Deep Learning in Python

So maybe after reading some of my past posts, you are fired up to start programming a deep neural network in Python. How should you get started?

If you want to be able to run anything but the simplest neural networks on easy problems, you will find that since pure Python is an interpreted language, it is too slow. Does that mean we have to give up and write our own C++ code? Luckily GPUs and other programmers come to your rescue by offering between 5-100X speedup (I would estimate my average speedup at 10X, but it varies for specific tasks).

There are two main Python packages, Theano and TensorFlow, that are designed to let you write Python code that can either run on a CPU or a GPU. In essence, they are each their own mini-language with the following changes from standard Python:

  • Tensors (generalizations of matrices) are the primary variable type and treated as abstract mathematical objects (don’t need to specify actual values immediately).
  • Computational graphs are utilized to organize operations on the tensors.
  • When one wants to actually evaluate the graph on some data, it is stored in a shared variable that when possible gets sent to the GPU. This data is then processed by the graph (in place of the original tensor placeholders).
  • Automatic differentiation (ie it understands derivatives symbolically).
  • Built in numerical optimizations.

So to get started you will want to install either Theano (pip install theano), TensorFlow (details here), or both.

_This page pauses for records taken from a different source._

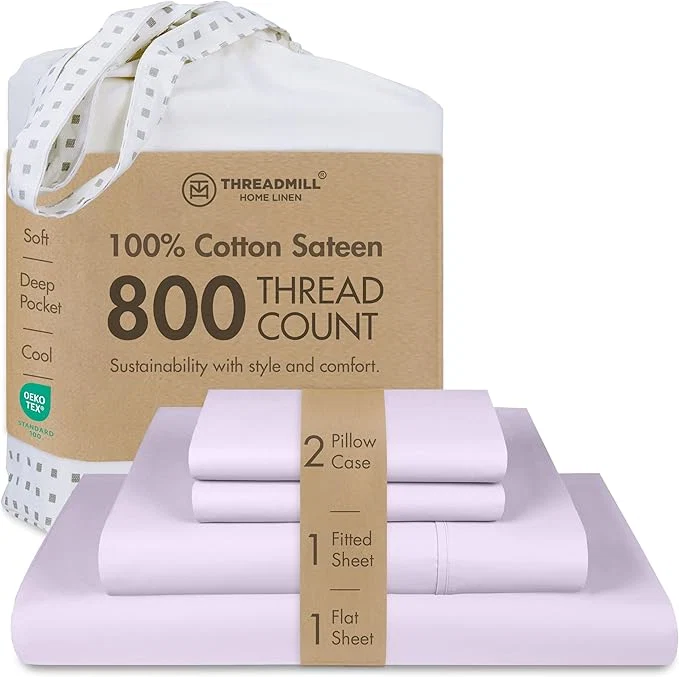 Advanced Threadmill Full Size Sheets 800 Thread Count Bed Sheets with 16 Deep Pocket for Full Size Mattress Sateen Weave Better Than Egyptian Cotton 4-Piece Bedding Set with Cooling Effect Lilac Trendy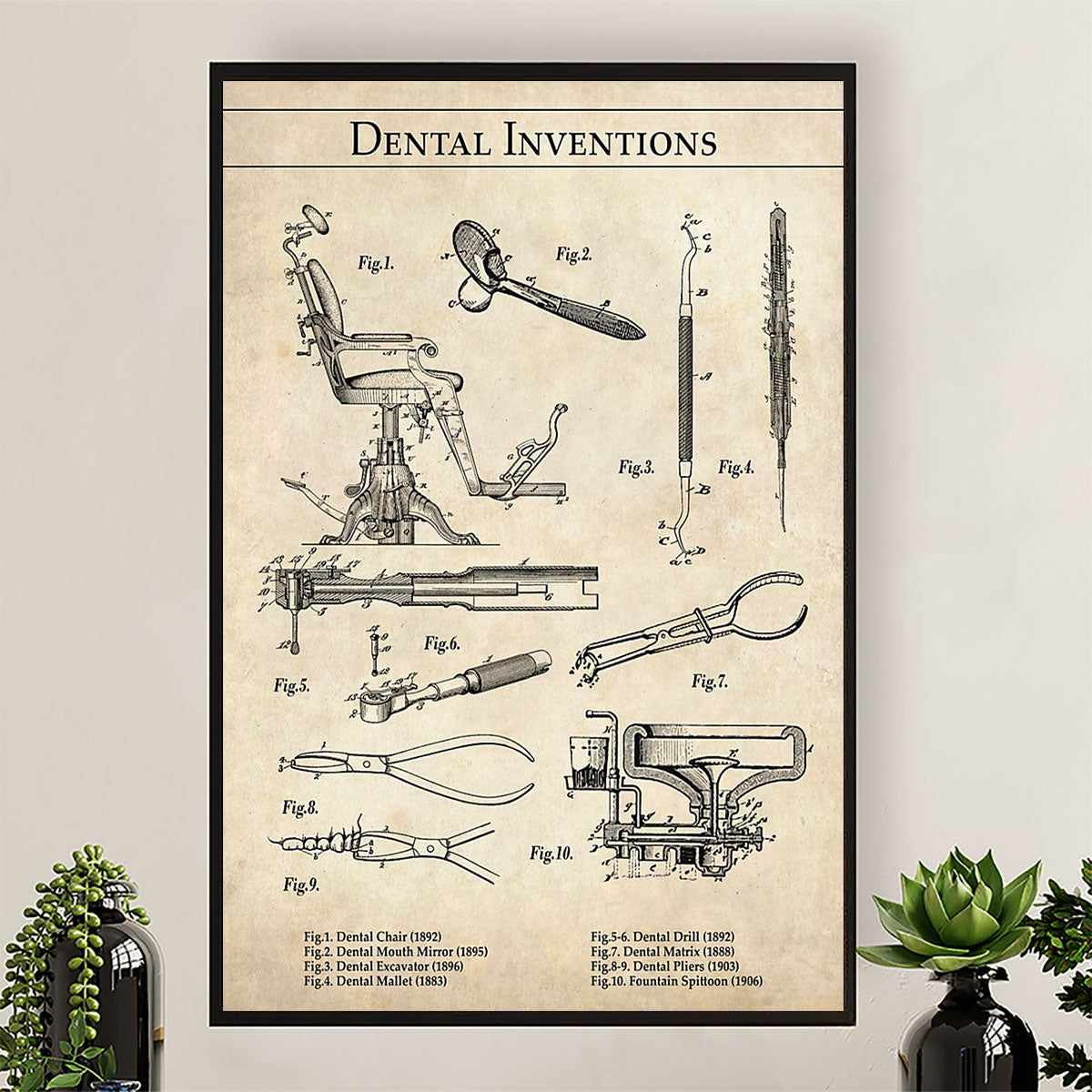 Dental Poster Dental Inventions | Wall Art Gift for Dentist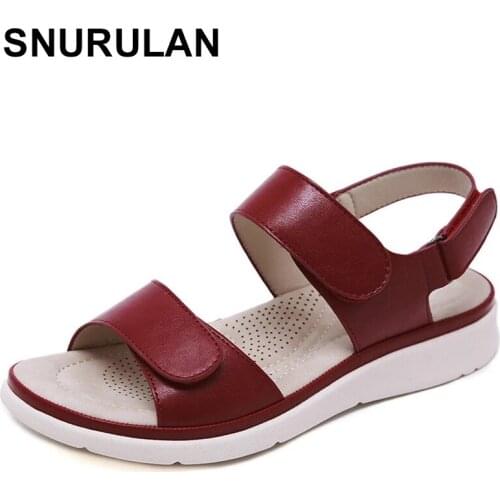 SNURULAN Women Sandals Summer Fashion Beach Shoes Ladies Platform Shoes Casual Flat Slippers High Heels 3 cm Non-slip Velcro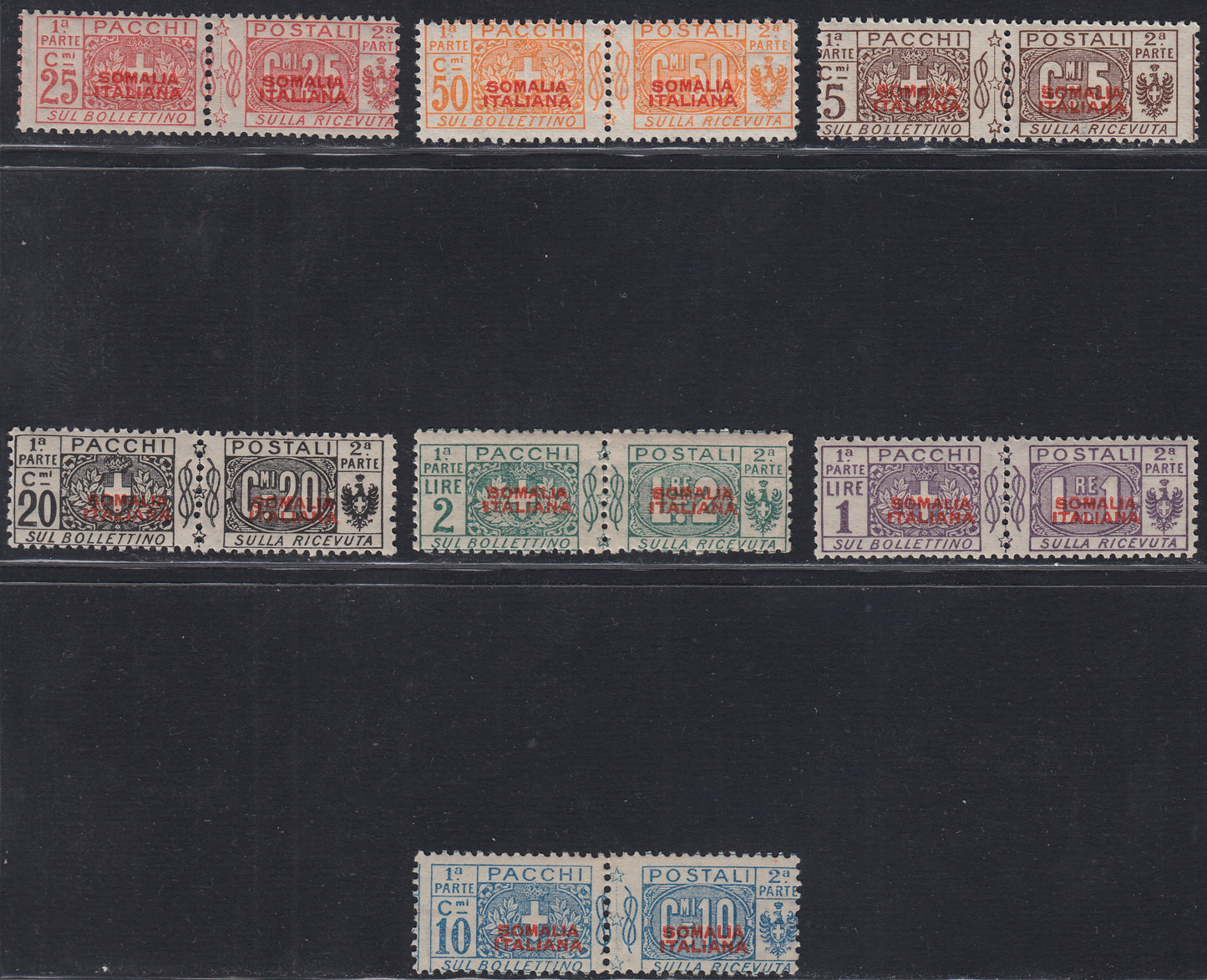 CG60 - 1926/31 - Pacchi Postali con soprastampa in rosso del I tipo, non emessi, serie completa di sette valori nuovi con gomma integra (43/49)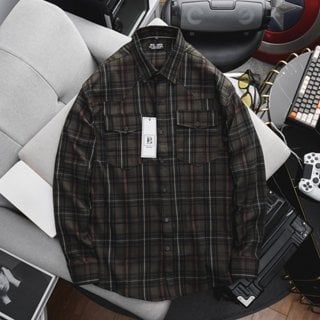 Áo sơ mi tay dài vải caro thời trang phối túi MẪU 2 (Mẫu 7)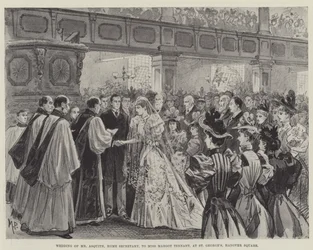 Casamento do Sr. Asquith, Secretário do Interior, à Srta. Margot Tennant, em St George&39;s, Hanover Square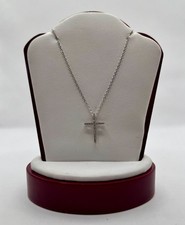 14k White Gold Natural Diamond Cross Necklace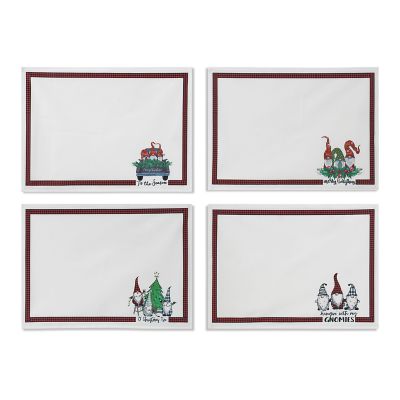 Gerson International 18 in. Fabric Gnome Design Place Mats, 4 Styles, 4-Pack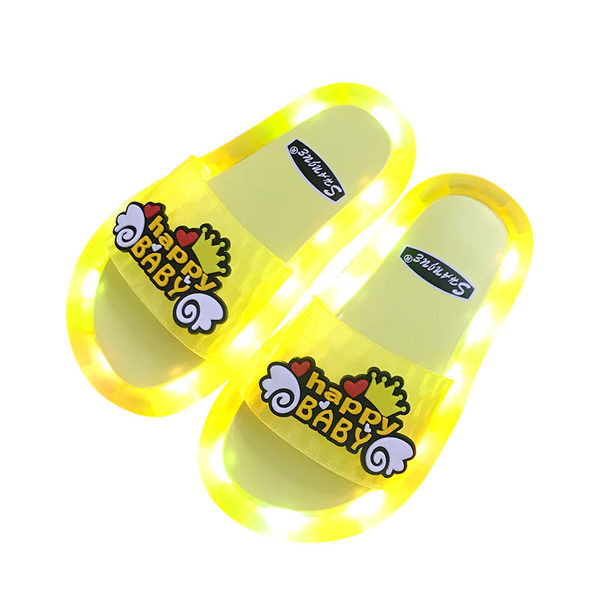 Светещи детски чехли за момичета и момчета с надпис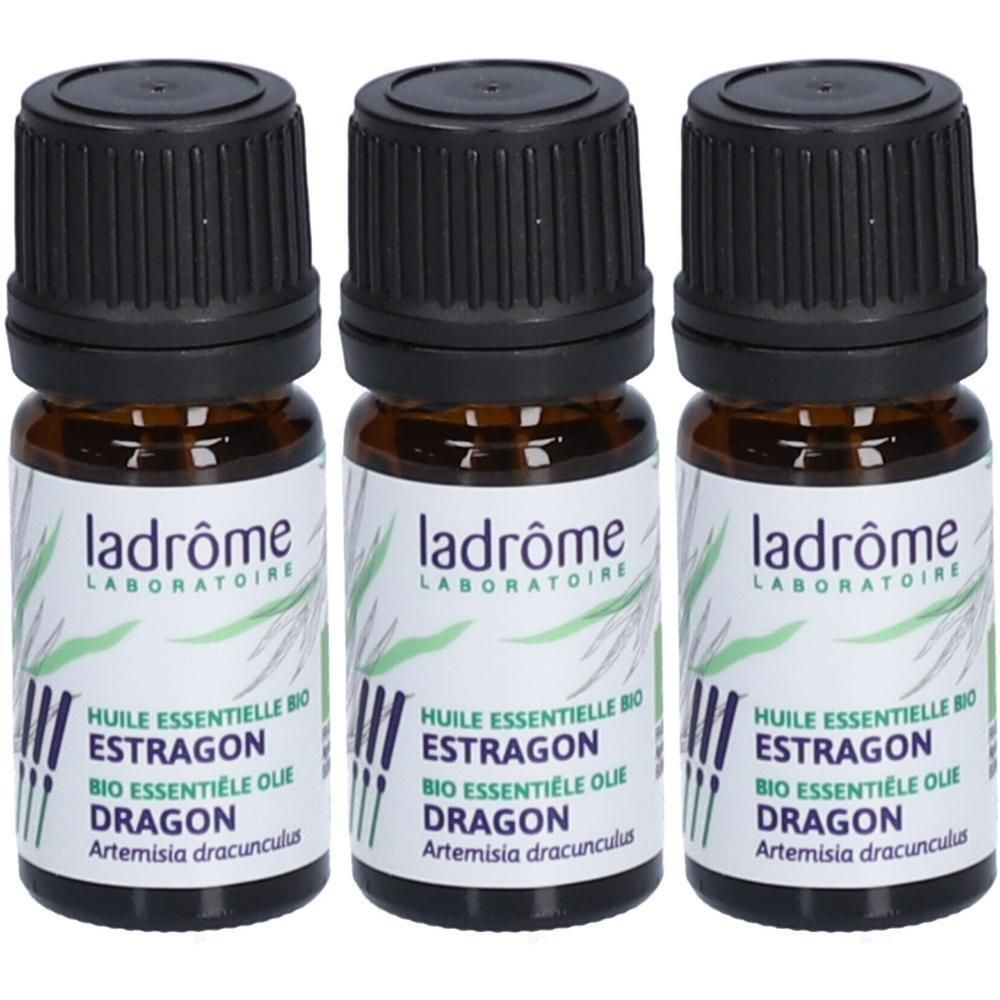 Trois flacons d'huile essentielle bio d'estragon Ladrôme.
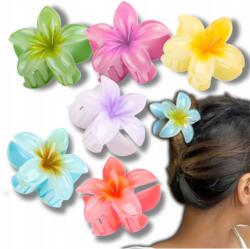 6 db-os Hawaii Virágos 8 cm-es Göndörítő Erős Csúszásgátló Hajcsat (gdfg465564)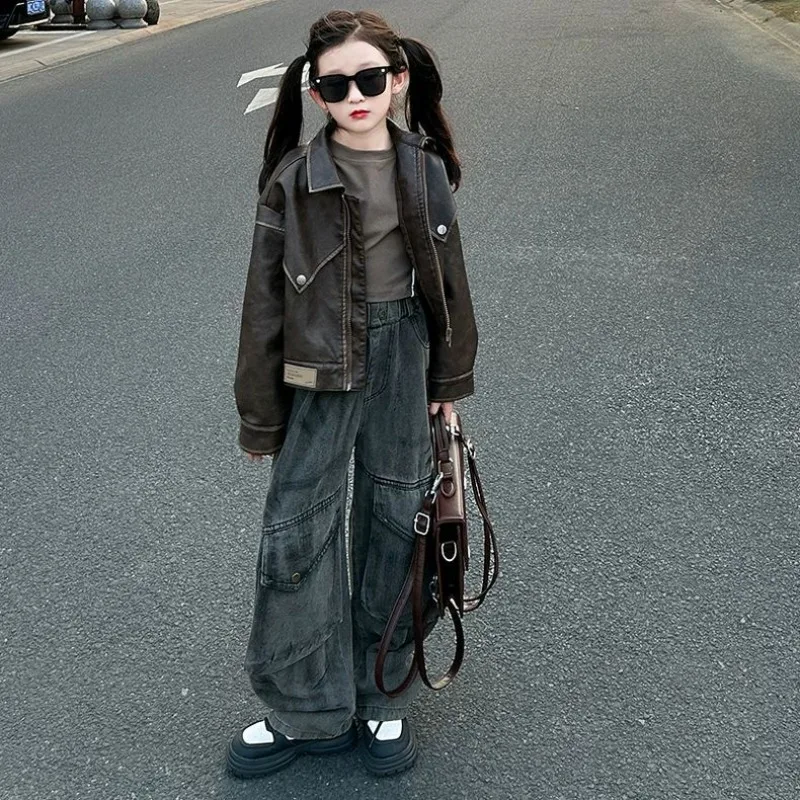 

Зимние джинсы-карго для девочек 2025 года, уличные джинсы для больших детей с карманами, утепленные джинсовые брюки в корейском стиле для девочек-подростков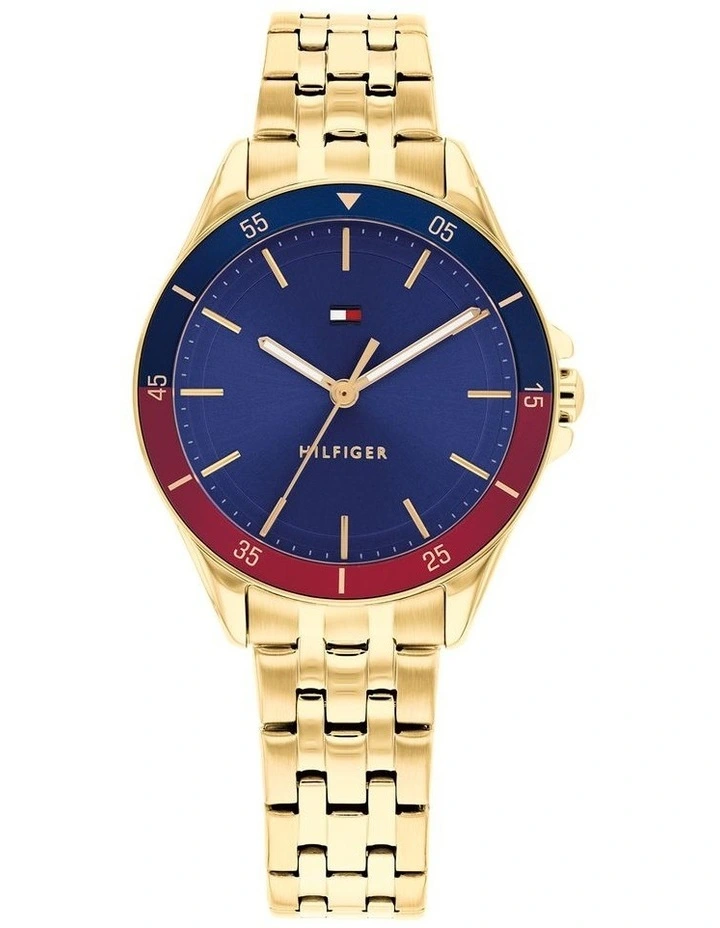 Jade Ionic Plated Thin Steel Dial Watch in Blue image 1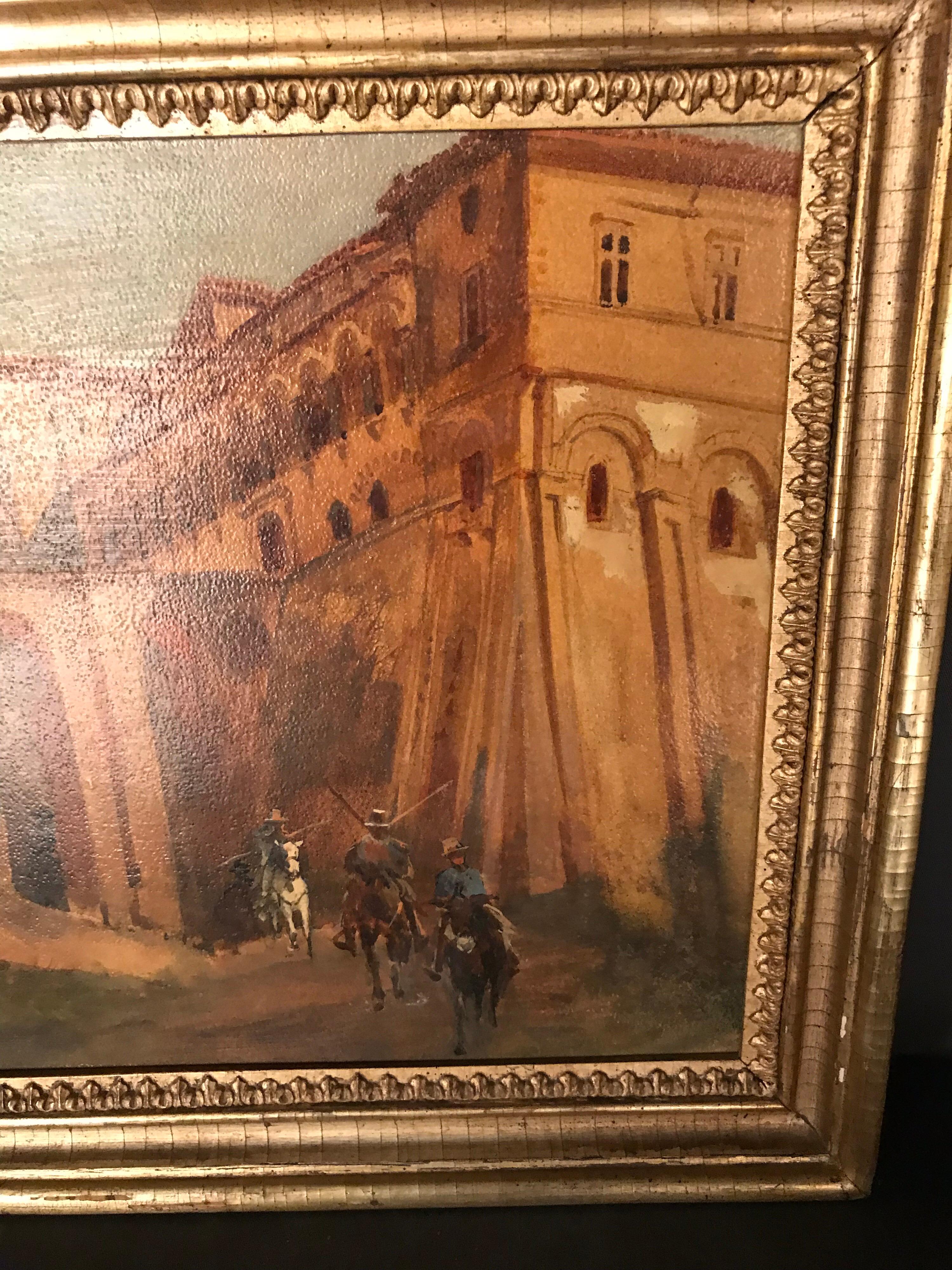 Late 19th Century Oil Painting Jacob, Julius Berlin 1842 Genazzano, Piscopal Palace and Bridgeacce For Sale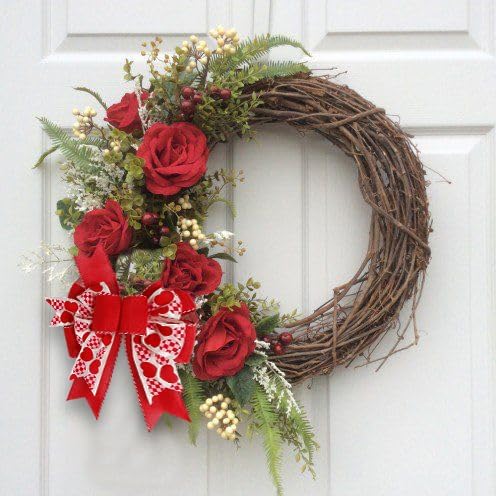 SIMISI Ribbon Burlap Wired Valentine Bow - Red Heart Print for Wreaths & Wedding Decor (9.5 x 13 Inch)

I personally have only used Theano, but if Google keeps up the developmental progress of TensorFlow, I may end up switching to it.

At the end of the day, that means that if one wants to actually implement neural networks in Theano or TensorFlow, you essentially will learn another language. However, people have built various libraries that are abstractions on top of these mini-languages. Lasagne is one example that basically organizes Theano code so that you have to interact less with Theano, but you will still need to understand Theano. I initially started with Theano and Lasagne, but I am now a convert to Keras.

Instead, I advocate for Keras (pip install keras) for two major reasons:

  1.  High level abstraction. You can write standard Python code and get a deep neural network up and running very quickly.
  2. Back-end agnostic. Keras can run on either Theano or TensorFlow.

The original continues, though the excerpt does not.